Assembly Election 2017: Geographic proximity influences voting behaviour reveal poll data of last three elections

Firstpost and Sharath Tadepalli did some number crunching of our own, analysing the poll data in the five states of Goa, Punjab, Uttarakhand, Manipur and Uttar Pradesh starting from the 2002 state Assembly elections.

Sharath Tadepalli March 09, 2017 14:12:00 IST
Assembly Election 2017: Geographic proximity influences voting behaviour reveal poll data of last three elections

The Assembly Elections in the five states of — Goa, Punjab, Uttarakhand, Manipur and Uttar Pradesh — are nearing their conclusion with the final results just a couple of days away. As the results on the counting day of 11 March will sieve out the winners from the vanquished, it would also simultaneously give an idea on voter preferences that would in all likelihood dominate the trend in the run up to the 2019 General Elections to Lok Sabha.

Assembly Election 2017 Geographic proximity influences voting behaviour reveal poll data of last three elections

Representational image. Reuters

As exciting as the exit polls that are going to be unveiled on Thursday are, there's much that can be determined from the voting choices people made in the past elections. We at Firstpost did some number crunching of our own, analysing the poll data from 2002, 2007 and 2012 Assembly elections in Goa, Punjab, Uttarakhand, Manipur and Uttar Pradesh. We studied and analysed victory margins and seats won by different parties in the five states to get an idea of how they voted and realised that Assembly constituencies which are geographically proximate tend to copy each other’s behaviour in so far as voting is concerned.

Methodology

We studied and analysed winning margins from the preceding three Assembly elections in the five states and categorised them into four buckets with 1 being the high margin of victory and 4 being the lowest margin of victory.

Based on the outcome of the previous three elections, we also calculated average victory margin. The lower the average victory margin, the tighter is the election in that particular constituency. We identified the constituencies where it happened, and grouped constituencies with similar average victory margins in the same colour.
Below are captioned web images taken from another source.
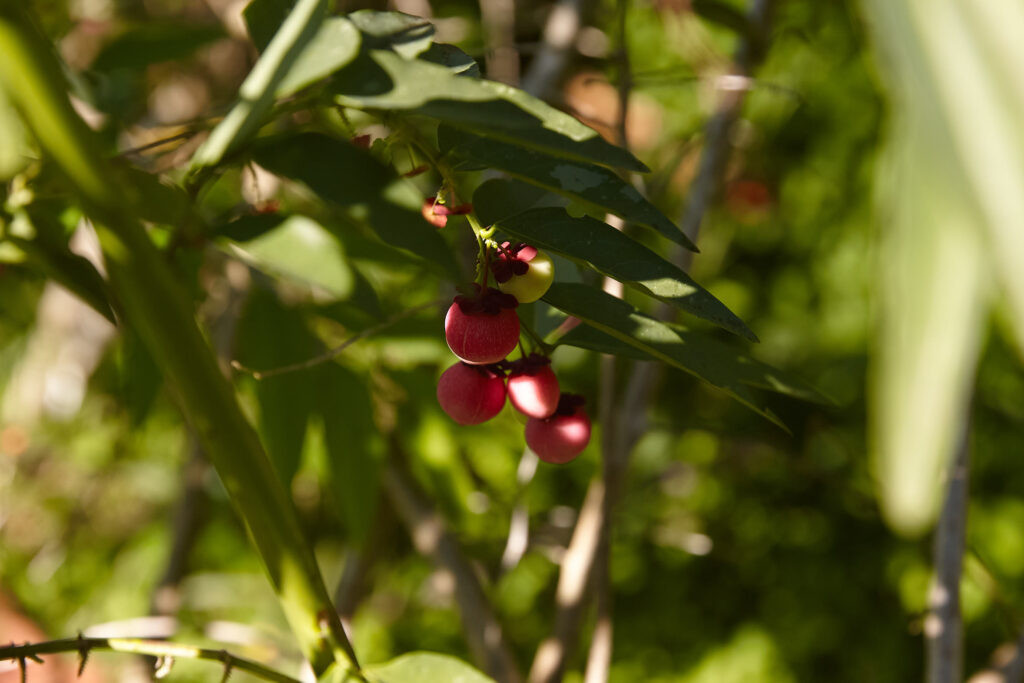 Tropical organic farm in Pavones, Costa Rica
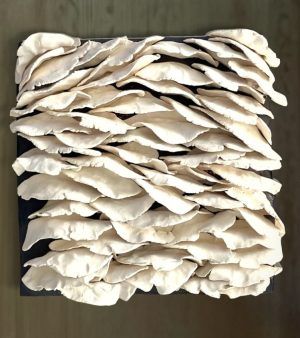 Colección Orgánica hojas 6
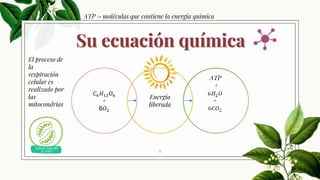 Su ecuación química
Energía
liberada
𝐶6 𝐻12 𝑂6
+
6𝑂2
8
ATP
+
ATP → moléculas que contiene la energía química
El proceso de
la
respiración
celular es
realizado por
las
mitocondrias
 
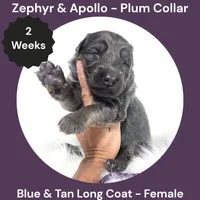 AKC Blue & Tan Long Coat - ZA Plum, a female German Shepherd Dog for sale in Princeville, IL – 1 of 3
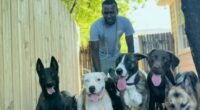 Austin dog handler detained by ICE during routine check-in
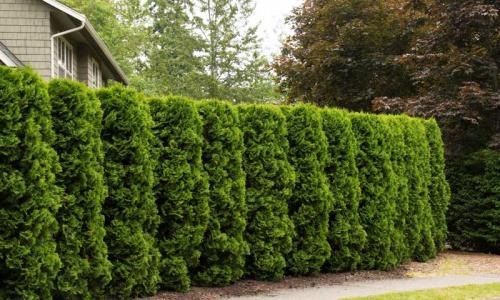 Морозостойкие кустарники для живой изгороди. 8 морозоустойчивых кустарников для живой изгороди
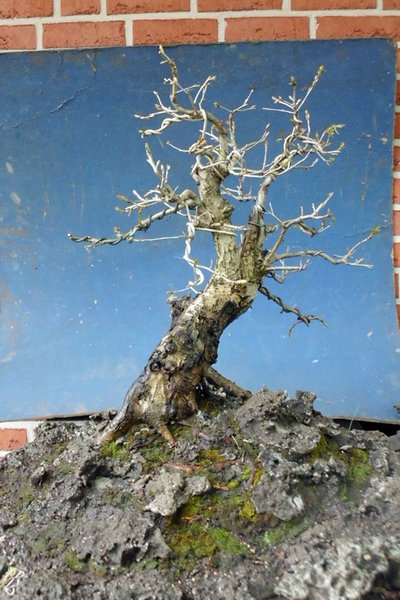 sharioak 2012 slap 8.jpg
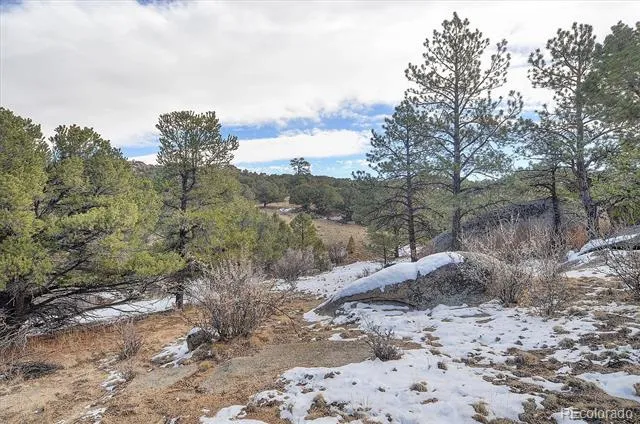 31950 Forest Service Road 376 Buena Vista, CO 81211
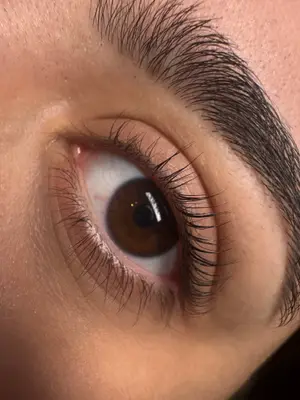 Laulashes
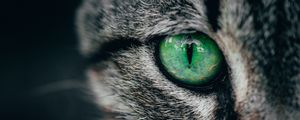 Preview wallpaper cat, eye, green, pupil, closeup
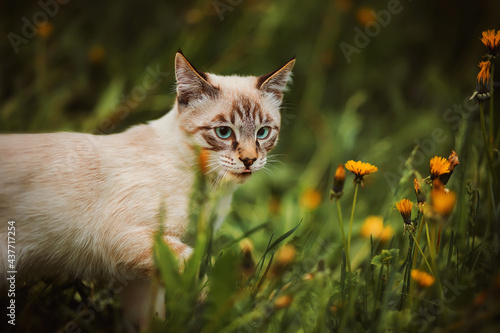 Cute tabby Thai kitten with blue eyes sneaks among the yellow dandelions and green grass and licks his lips. Nature in summer. A pet. Hunting.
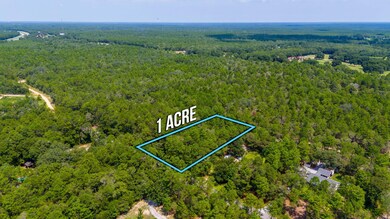 3-web-or-mls-Via Internacional Aerial-2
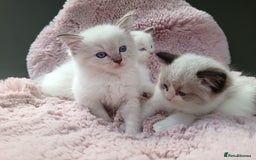 Ragdoll cats for sale: ***Ready Now Ragdoll Boys Ready For New Homes. - Image 4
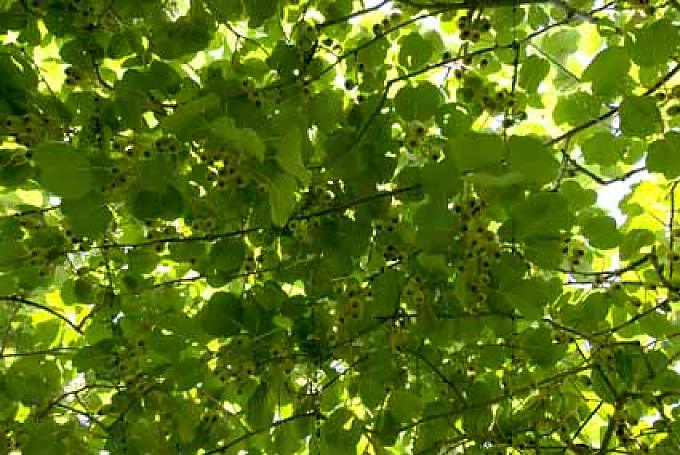 Kiwi-Plantage Robert in seiner Plantage.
Geographically proximate (need not be geographically connected) constituencies form a cluster.

A probability was assigned in the next election based on the average victory margin. These probabilities are party-specific and not individual specific. Using the above method we came to a conclusion that the probability of winning the next election is higher for a party in higher victory margins and vice versa. The above data gives an interesting insight into how voters tend to vote. We realised that voters tend to vote decisively or almost equally. And, if they are geographically proximate (need not be geographically connected), they also tend to copy each other's behaviour. What this means is constituencies are likely to behave similarly within a cluster. We also realised that the chances of them changing their behaviour are high if victory margin is high.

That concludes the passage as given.